▸ WHAT TO DO:
If a line below contains the string "Stock", copy it out.

▸ EXERCISE DATA:
*** Begin section ***

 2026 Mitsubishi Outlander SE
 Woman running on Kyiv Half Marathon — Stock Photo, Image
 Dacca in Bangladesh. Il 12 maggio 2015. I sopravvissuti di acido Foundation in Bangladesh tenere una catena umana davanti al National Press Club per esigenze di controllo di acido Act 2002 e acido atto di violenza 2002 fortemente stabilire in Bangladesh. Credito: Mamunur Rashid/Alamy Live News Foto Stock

*** End section ***

▸ FINAL ANSWER:
 Woman running on Kyiv Half Marathon — Stock Photo, Image
 Dacca in Bangladesh. Il 12 maggio 2015. I sopravvissuti di acido Foundation in Bangladesh tenere una catena umana davanti al National Press Club per esigenze di controllo di acido Act 2002 e acido atto di violenza 2002 fortemente stabilire in Bangladesh. Credito: Mamunur Rashid/Alamy Live News Foto Stock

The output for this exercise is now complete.